(Input records)
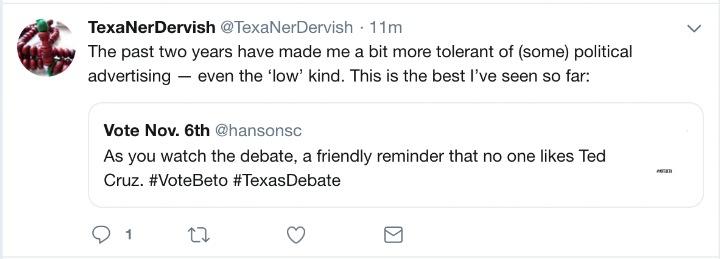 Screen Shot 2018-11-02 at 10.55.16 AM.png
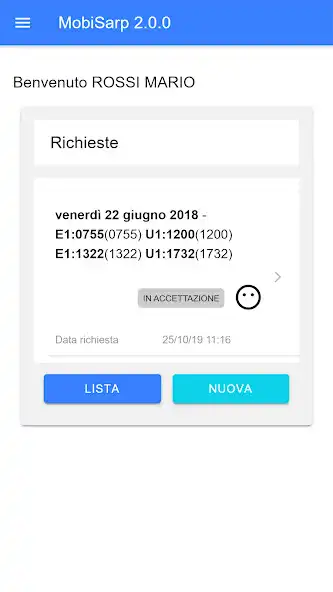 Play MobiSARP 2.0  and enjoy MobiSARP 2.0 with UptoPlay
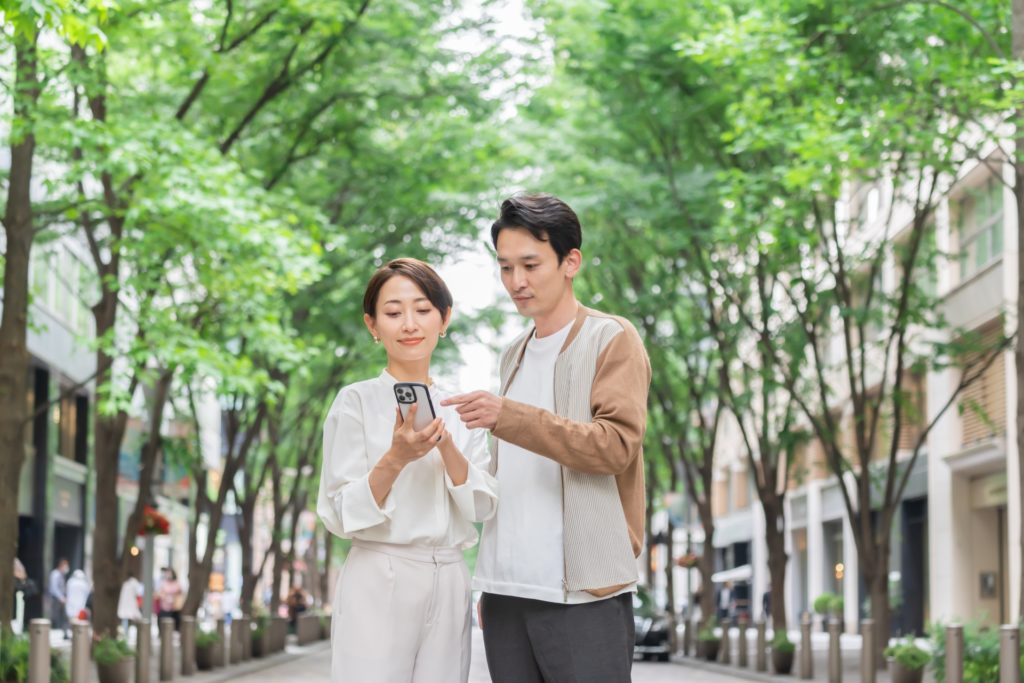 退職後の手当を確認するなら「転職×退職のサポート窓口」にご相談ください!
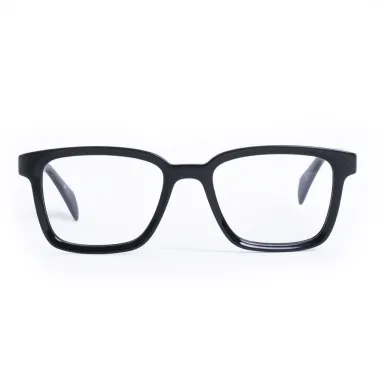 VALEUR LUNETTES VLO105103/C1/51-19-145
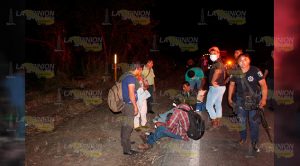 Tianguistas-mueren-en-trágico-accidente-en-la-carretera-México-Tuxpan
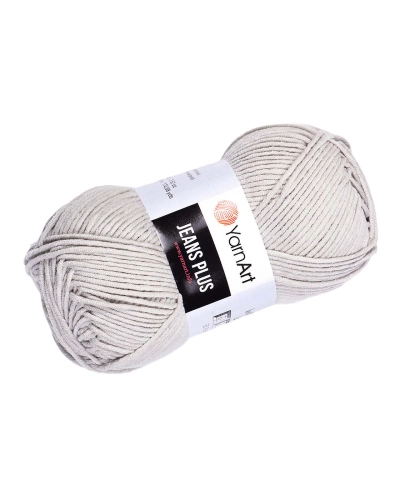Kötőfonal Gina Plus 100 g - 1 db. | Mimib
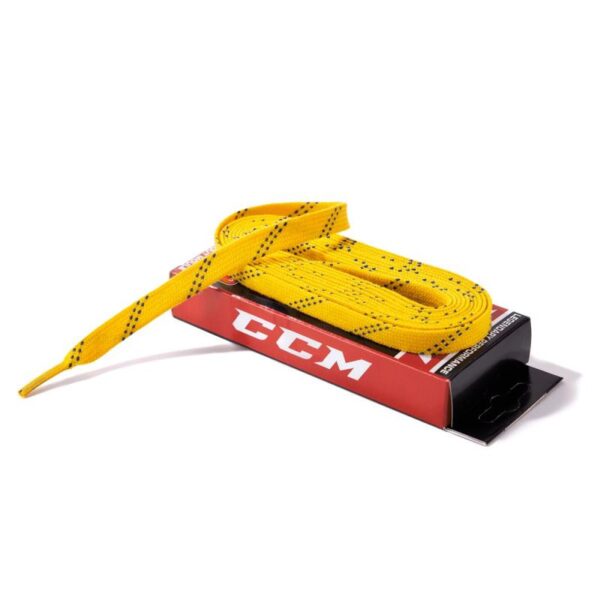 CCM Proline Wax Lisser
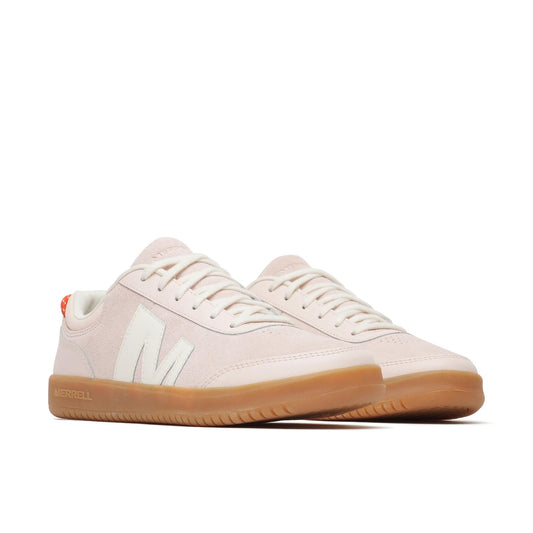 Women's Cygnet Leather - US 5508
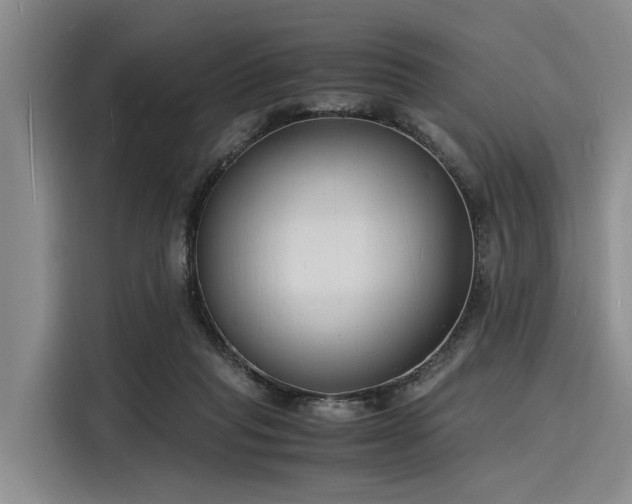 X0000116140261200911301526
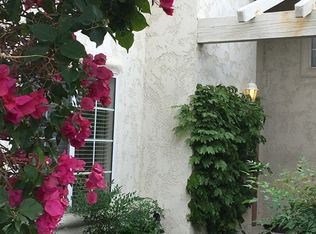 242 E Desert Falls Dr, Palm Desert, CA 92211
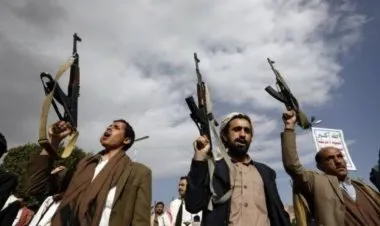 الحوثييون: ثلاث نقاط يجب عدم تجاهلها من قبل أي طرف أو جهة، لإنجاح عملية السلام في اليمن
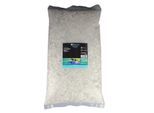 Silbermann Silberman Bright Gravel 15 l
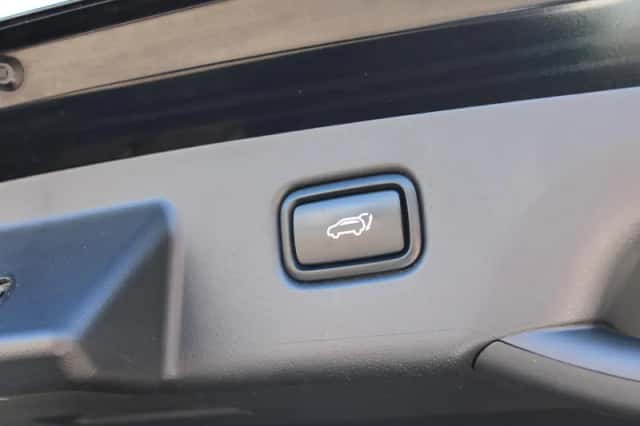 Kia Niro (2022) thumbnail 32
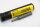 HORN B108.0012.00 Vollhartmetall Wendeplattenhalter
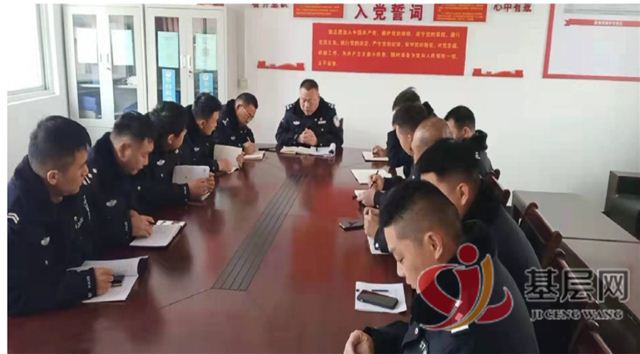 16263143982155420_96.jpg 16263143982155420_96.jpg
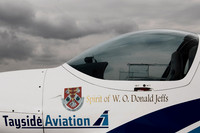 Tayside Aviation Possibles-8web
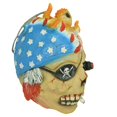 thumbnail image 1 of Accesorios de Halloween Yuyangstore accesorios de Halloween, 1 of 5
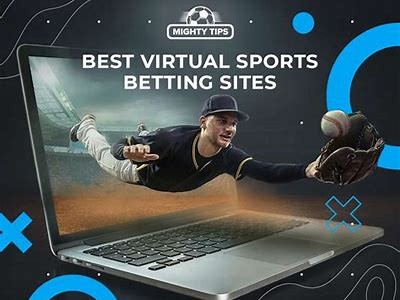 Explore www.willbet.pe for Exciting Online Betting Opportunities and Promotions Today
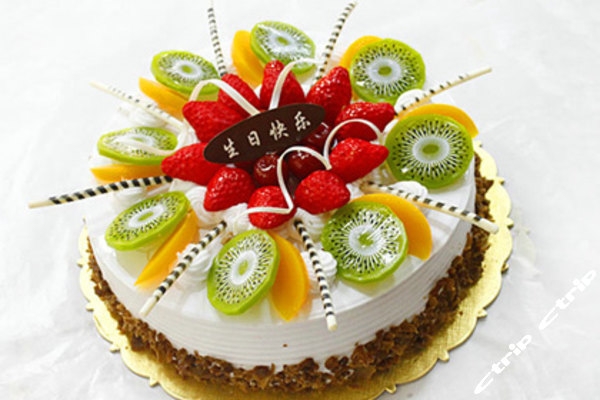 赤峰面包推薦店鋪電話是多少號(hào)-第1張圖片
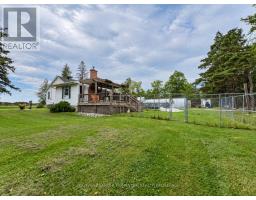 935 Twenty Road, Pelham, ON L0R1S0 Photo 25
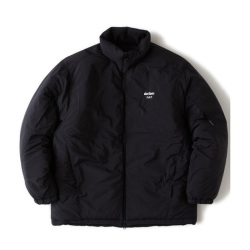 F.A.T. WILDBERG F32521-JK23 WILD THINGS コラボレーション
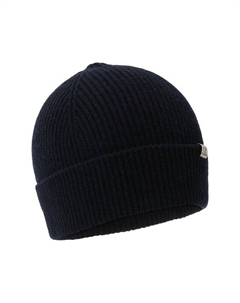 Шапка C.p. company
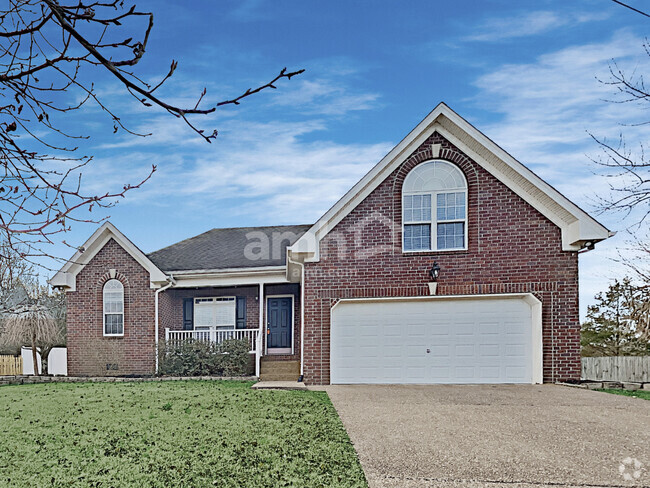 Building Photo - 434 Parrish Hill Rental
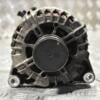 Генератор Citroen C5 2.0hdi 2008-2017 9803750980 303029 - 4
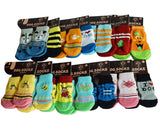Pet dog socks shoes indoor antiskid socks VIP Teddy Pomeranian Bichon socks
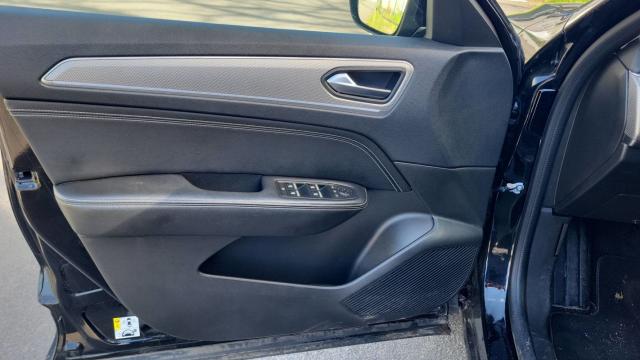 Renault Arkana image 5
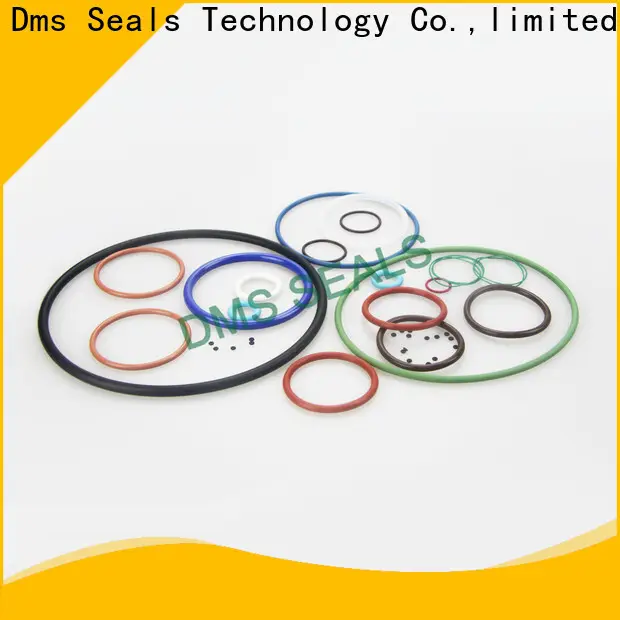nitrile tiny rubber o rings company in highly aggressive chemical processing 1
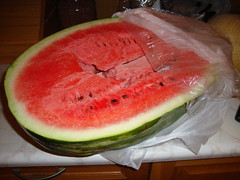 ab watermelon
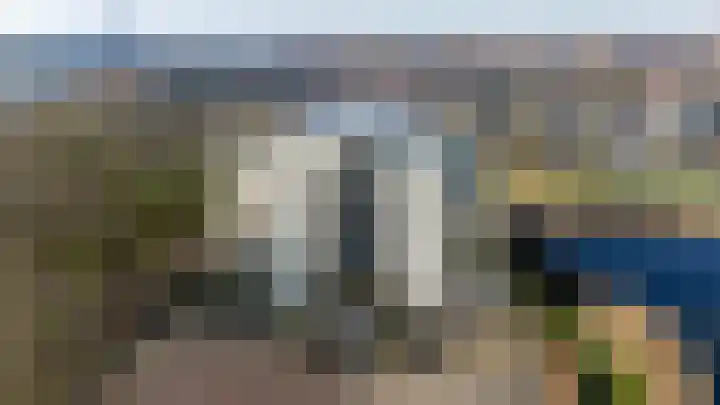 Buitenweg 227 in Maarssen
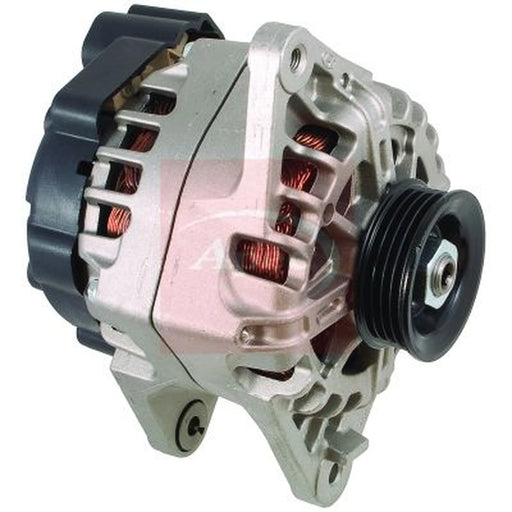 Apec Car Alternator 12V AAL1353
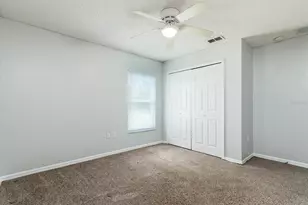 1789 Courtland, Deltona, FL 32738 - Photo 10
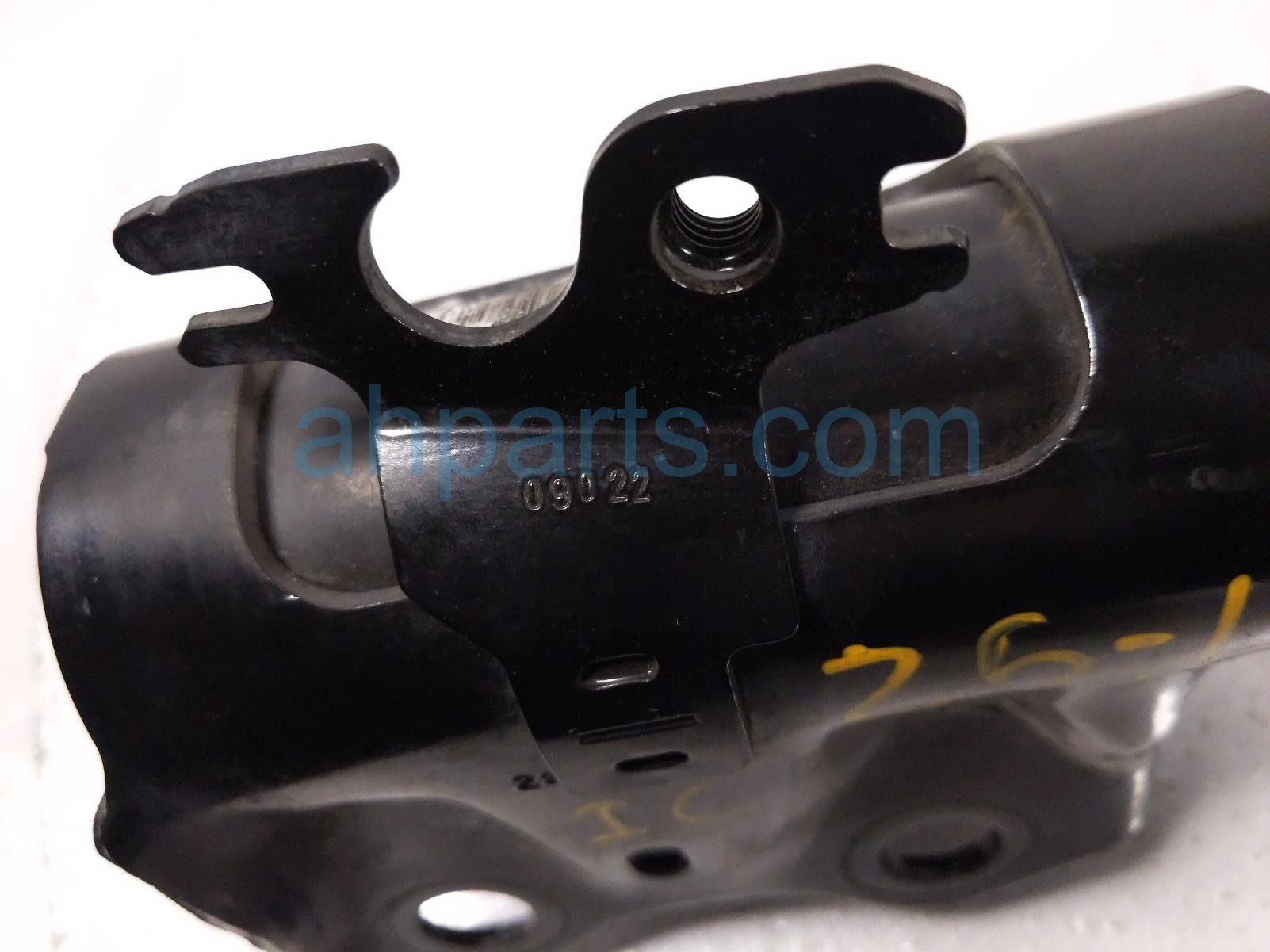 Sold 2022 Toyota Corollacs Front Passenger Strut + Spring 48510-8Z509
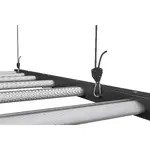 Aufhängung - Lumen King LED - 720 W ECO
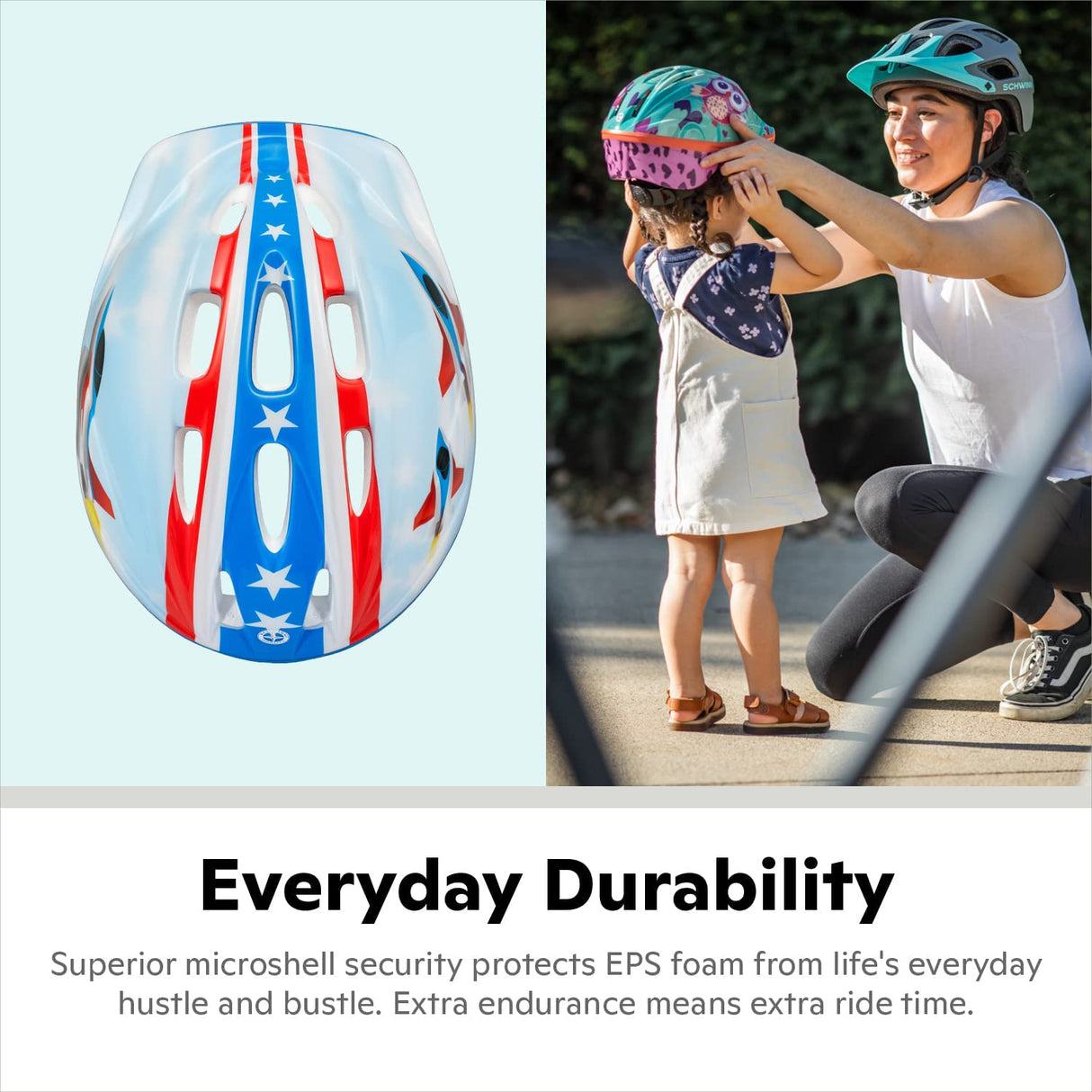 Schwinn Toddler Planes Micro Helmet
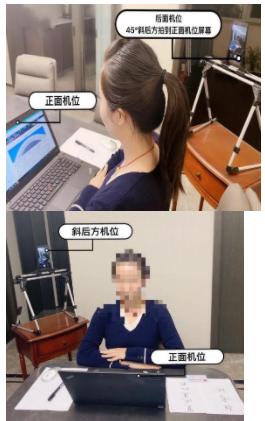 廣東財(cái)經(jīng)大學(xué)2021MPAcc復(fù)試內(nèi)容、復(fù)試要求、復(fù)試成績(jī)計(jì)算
(End Input records)
◆ Task prompt ◆
Word for word, please, restate the lines of the listing from the one holding "935 Twenty Road, Pelham, ON L0R1S0 Photo 25" down to the last line, leaving out any pictures.

◆ Written answer ◆
 935 Twenty Road, Pelham, ON L0R1S0 Photo 25
 F.A.T. WILDBERG F32521-JK23 WILD THINGS コラボレーション
 Шапка C.p. company
 Building Photo - 434 Parrish Hill Rental
 Генератор Citroen C5 2.0hdi 2008-2017 9803750980 303029 - 4
Pet dog socks shoes indoor antiskid socks VIP Teddy Pomeranian Bichon socks
 Renault Arkana image 5
nitrile tiny rubber o rings company in highly aggressive chemical processing 1
 ab watermelon
 Buitenweg 227 in Maarssen
 Apec Car Alternator 12V AAL1353
 1789 Courtland, Deltona, FL 32738 - Photo 10
 Sold 2022 Toyota Corollacs Front Passenger Strut + Spring 48510-8Z509
 Aufhängung - Lumen King LED - 720 W ECO
 Schwinn Toddler Planes Micro Helmet
 廣東財(cái)經(jīng)大學(xué)2021MPAcc復(fù)試內(nèi)容、復(fù)試要求、復(fù)試成績(jī)計(jì)算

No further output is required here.